Problem description:
Of the lines listed below, return exactly those that run from the line containing "삼국지 노숙에게 배우는 나의 시장 가치 올리는법" through the line containing "Компьютер комплект для дома", both included.

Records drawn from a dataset
■ ■ ■ ■

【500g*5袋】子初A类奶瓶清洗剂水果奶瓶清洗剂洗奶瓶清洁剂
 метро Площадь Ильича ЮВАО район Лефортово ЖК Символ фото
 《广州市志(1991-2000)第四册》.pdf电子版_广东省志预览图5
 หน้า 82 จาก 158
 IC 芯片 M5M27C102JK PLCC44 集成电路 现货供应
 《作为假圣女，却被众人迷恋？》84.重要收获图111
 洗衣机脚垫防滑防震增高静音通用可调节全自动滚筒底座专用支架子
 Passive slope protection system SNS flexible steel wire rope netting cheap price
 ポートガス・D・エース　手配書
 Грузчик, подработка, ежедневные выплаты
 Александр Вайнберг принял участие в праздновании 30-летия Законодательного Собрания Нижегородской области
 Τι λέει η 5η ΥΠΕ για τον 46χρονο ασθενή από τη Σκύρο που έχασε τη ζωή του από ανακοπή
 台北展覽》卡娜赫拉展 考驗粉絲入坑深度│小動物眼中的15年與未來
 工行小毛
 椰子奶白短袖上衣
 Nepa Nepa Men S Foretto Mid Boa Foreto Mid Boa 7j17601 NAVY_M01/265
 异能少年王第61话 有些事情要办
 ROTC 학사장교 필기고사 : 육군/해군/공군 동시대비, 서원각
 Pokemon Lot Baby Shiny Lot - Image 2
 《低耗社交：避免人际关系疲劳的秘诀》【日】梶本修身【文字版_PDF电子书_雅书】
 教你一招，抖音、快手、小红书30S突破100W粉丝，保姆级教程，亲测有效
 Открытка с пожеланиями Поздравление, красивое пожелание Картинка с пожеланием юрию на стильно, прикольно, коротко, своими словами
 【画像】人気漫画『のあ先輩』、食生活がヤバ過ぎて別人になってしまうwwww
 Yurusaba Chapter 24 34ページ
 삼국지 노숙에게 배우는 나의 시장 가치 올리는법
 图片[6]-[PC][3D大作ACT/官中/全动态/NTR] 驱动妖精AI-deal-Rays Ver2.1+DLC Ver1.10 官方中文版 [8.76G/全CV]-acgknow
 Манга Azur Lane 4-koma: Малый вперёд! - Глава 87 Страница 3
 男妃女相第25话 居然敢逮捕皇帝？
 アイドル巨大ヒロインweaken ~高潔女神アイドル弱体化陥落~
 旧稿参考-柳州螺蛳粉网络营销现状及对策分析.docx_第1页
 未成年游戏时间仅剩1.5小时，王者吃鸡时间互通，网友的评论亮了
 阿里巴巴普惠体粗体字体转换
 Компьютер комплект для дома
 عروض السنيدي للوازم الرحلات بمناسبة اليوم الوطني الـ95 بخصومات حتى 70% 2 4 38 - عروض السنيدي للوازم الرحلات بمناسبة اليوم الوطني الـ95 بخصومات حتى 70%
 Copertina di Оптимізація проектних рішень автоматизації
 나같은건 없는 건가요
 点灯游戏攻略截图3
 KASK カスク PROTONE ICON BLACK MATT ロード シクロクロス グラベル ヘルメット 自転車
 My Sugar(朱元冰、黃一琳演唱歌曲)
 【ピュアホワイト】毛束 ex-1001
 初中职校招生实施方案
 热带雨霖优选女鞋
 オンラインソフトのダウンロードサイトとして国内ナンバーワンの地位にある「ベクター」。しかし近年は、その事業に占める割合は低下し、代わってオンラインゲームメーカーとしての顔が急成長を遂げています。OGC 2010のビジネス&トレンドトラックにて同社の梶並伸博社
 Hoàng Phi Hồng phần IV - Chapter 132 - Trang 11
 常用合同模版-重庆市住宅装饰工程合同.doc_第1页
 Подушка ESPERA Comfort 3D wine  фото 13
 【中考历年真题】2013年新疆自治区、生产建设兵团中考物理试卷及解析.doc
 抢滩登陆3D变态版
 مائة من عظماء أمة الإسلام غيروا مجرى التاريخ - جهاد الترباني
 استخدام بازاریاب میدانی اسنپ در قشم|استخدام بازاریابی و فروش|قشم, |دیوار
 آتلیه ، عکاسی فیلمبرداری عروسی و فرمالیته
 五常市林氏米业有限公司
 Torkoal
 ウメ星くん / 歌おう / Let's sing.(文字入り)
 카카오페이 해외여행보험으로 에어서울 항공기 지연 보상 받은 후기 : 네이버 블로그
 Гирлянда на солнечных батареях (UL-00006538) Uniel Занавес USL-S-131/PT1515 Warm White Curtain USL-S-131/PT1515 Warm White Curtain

■ ■ ■ ■

Expected answer:
 삼국지 노숙에게 배우는 나의 시장 가치 올리는법
 图片[6]-[PC][3D大作ACT/官中/全动态/NTR] 驱动妖精AI-deal-Rays Ver2.1+DLC Ver1.10 官方中文版 [8.76G/全CV]-acgknow
 Манга Azur Lane 4-koma: Малый вперёд! - Глава 87 Страница 3
 男妃女相第25话 居然敢逮捕皇帝？
 アイドル巨大ヒロインweaken ~高潔女神アイドル弱体化陥落~
 旧稿参考-柳州螺蛳粉网络营销现状及对策分析.docx_第1页
 未成年游戏时间仅剩1.5小时，王者吃鸡时间互通，网友的评论亮了
 阿里巴巴普惠体粗体字体转换
 Компьютер комплект для дома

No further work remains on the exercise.